His lifeless body lays there, symbolic of promises and dreams shattered. He had so much promise; so much to offer the world, and now? Now, he's gone, and nothing can bring him back this time.

"If there were any… any way to hold onto the threads that are closest… to keep them when all else fails… to trick fate— "



In broad daylight, Angela stands stoic in a sheath of black attire. Funerary. Fitting, since she's at a funeral. She wears a hat, gloves, but the grass is becoming green. The sun shines down on the gathered; glints off the polished wood of the casket. Over her shoulder, she looks at the familiar faces.

The young Petrelli boys stand close to their grandmother. They are dressed in matching black suits paired with ridiculous plaid ties — an homage to their now deceased father. Some might think it inappropriate, but then Nathan had bought these ties before his death — almost like he knew. Where else would Simon and Monty wear ties?

Simon reaches out and clutches his younger brother's hand. It's not something he does often, but he's being the dutiful older brother, although, arguably, this death is likely harder on him than Monty. Yet he hasn't let himself cry. And he doesn't intend to. In fact, he's been painfully silent through all of the preparations, the planning, and the execution of this funeral. Sometimes there just isn't anything to say.

Monty, unlike his brother, has been sniffling and tearing up since the family arrived. He squeezes Simon's hand and looks up at his grandmother, still sniffling, "I don't think Daddy wants to live in there forever… he… he should come out and play with us…" Everyone had explained to Monty that Nathan won't be leaving his casket, but somehow this is still unbelievable to the seven year old.

"Well."



Angela must hear the boys, but she remains a silent. Someone else can explain once more that their daddy isn't coming back; Heidi, maybe Peter… where is Peter? She searches the crowd of black-dressed mourners and those who have come to pay their polite respects, her features narrowing around dulled eyes. She's interrupted by a man dressed in a US Navy uniform there to shake her hand. She does so, smiling, barely, with strained but practice civility.

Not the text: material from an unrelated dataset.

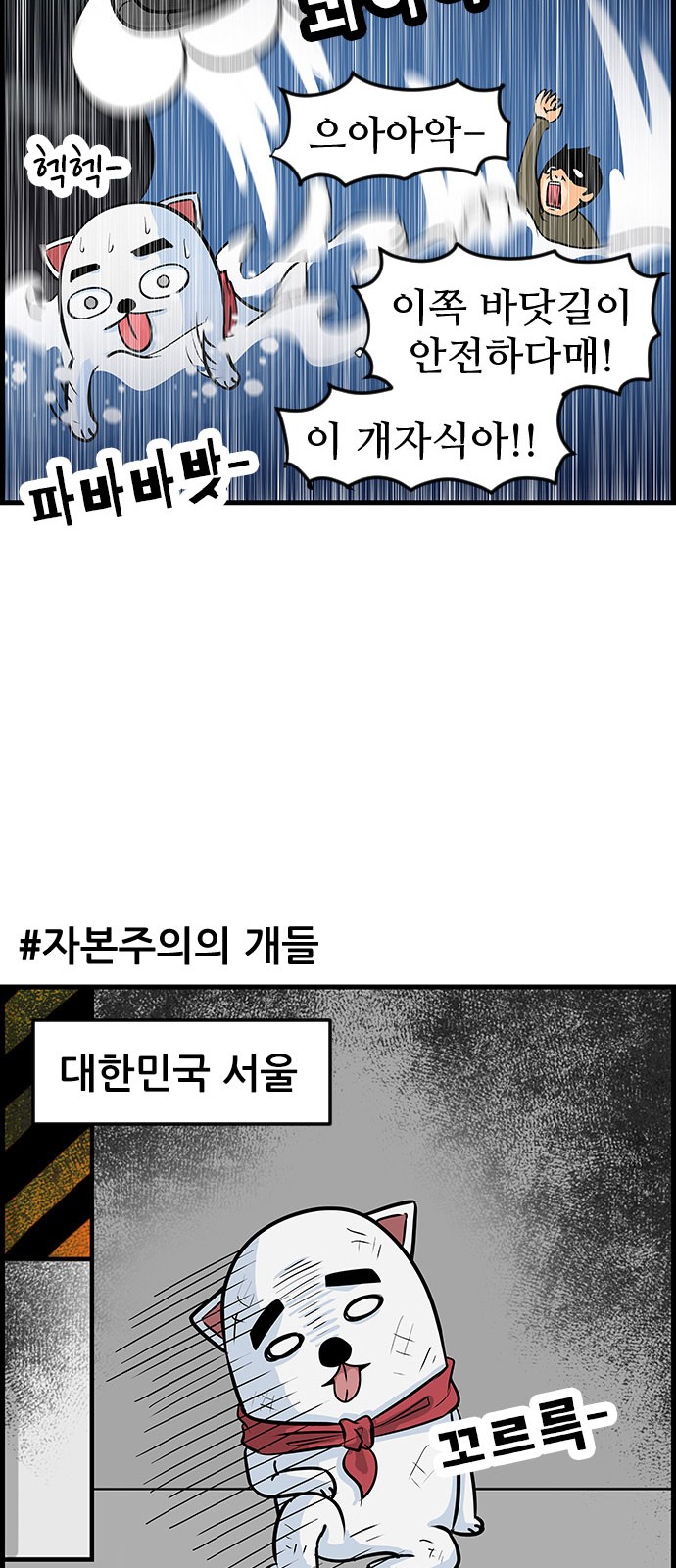 6 페이지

Both of the boys flit their eyes to the naval officer, and then back to the casket. It's at this moment that Simon releases Monty's hand; he hasn't looked in the casket. He glances around for an adult, any adult that might stop him, but sees none. And so he trudges forward, palm out, determined to touch his father one last time.

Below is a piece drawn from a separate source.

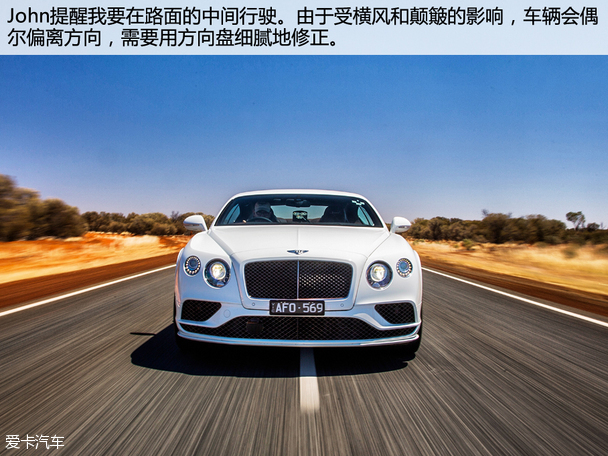 宾利2016款欧陆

Monty traipses behind his brother to his father's body; the pair really haven't been allowed to inspect the body.

Nathan's dark polished casket houses him in his favourite suit — navy blue Armani and a red and blue striped tie offset by a white shirt. Red, white, and blue. Patriotic. His skin is its usual lustre now, and his lips have been quirked up into a peaceful near-smirk like he's laughing at something in his own mind, but his mind isn't working. He's lifeless.

Simon reaches forward and touches his father's shoulder — poking it, just to see. There's no response. Simon feels his lips quiver. His dad isn't coming back.

Monty steps around to the other side of the casket and continues to sob.

"How many times can I stop the sky from falling?"

A sound from the waking (but no more real) world jar Angela from her brief repose, unrested, her eyes momentarily frenzied and her breath catching.

Ring! Ring! The chimes of a doorbell.